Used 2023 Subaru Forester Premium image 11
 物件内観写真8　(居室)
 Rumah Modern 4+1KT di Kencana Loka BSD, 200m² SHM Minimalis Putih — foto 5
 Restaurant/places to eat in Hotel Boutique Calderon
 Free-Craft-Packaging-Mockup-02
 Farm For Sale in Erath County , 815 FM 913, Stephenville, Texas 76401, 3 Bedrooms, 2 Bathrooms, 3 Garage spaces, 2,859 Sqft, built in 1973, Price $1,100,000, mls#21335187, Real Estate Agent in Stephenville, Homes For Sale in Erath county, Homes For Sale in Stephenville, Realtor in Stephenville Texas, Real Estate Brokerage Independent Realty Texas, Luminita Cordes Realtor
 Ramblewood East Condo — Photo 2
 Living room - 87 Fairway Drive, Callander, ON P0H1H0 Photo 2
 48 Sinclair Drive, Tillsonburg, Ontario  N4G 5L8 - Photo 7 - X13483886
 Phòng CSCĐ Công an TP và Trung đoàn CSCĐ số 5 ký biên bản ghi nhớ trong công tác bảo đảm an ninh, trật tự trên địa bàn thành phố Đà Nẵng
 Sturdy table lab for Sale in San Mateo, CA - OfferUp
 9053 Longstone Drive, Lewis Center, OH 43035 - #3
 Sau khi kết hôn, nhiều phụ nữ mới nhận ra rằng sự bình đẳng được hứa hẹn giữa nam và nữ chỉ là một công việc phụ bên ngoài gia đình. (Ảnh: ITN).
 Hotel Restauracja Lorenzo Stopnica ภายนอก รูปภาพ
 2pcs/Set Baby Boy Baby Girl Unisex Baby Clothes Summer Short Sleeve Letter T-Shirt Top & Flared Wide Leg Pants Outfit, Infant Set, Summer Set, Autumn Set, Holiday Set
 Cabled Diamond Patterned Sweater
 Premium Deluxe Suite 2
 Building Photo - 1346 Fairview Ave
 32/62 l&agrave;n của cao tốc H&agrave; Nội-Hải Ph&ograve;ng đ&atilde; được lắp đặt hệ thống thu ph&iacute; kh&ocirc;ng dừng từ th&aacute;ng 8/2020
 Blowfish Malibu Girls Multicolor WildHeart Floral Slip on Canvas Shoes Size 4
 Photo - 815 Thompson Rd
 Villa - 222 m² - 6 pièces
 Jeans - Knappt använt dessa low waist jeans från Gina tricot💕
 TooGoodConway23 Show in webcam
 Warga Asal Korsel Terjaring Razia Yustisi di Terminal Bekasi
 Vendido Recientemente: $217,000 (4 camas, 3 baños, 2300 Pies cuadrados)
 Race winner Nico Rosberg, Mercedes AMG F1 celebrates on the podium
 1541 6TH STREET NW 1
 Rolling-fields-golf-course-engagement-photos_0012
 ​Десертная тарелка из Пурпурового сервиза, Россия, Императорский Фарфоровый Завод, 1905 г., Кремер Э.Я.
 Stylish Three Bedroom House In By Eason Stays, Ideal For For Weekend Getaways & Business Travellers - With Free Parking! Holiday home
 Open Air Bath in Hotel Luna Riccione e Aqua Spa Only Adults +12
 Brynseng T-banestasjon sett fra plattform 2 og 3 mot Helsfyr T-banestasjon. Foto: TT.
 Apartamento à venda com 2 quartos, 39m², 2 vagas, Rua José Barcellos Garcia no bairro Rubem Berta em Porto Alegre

........

Brief:
The number of lines in the data that hold "Free" is all that should be given.

Written answer:
2